#### Your instructions
Lift out all lines below that contain "Tier".

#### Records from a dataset
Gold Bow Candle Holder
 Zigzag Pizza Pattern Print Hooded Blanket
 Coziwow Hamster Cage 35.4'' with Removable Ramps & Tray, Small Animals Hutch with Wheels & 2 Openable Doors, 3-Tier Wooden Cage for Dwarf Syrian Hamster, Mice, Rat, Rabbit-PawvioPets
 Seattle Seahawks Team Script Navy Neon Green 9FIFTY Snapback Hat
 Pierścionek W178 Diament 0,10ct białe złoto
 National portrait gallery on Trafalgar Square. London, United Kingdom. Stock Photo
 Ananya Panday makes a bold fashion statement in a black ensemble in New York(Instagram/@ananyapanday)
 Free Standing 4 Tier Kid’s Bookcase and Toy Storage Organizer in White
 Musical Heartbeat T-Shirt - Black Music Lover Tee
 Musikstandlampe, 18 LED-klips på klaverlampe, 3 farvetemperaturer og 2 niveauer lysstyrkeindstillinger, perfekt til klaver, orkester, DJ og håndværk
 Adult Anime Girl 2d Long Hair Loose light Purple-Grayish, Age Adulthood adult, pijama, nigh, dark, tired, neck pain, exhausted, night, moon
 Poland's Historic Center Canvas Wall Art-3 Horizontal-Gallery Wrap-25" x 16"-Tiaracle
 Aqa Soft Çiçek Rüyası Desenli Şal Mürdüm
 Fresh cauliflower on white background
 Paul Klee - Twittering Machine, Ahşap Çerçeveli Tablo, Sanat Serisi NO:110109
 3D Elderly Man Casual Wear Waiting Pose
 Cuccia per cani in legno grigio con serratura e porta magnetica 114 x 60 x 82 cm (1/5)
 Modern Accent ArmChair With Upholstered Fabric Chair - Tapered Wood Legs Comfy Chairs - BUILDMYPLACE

#### Result for this exercise
 Coziwow Hamster Cage 35.4'' with Removable Ramps & Tray, Small Animals Hutch with Wheels & 2 Openable Doors, 3-Tier Wooden Cage for Dwarf Syrian Hamster, Mice, Rat, Rabbit-PawvioPets
 Free Standing 4 Tier Kid’s Bookcase and Toy Storage Organizer in White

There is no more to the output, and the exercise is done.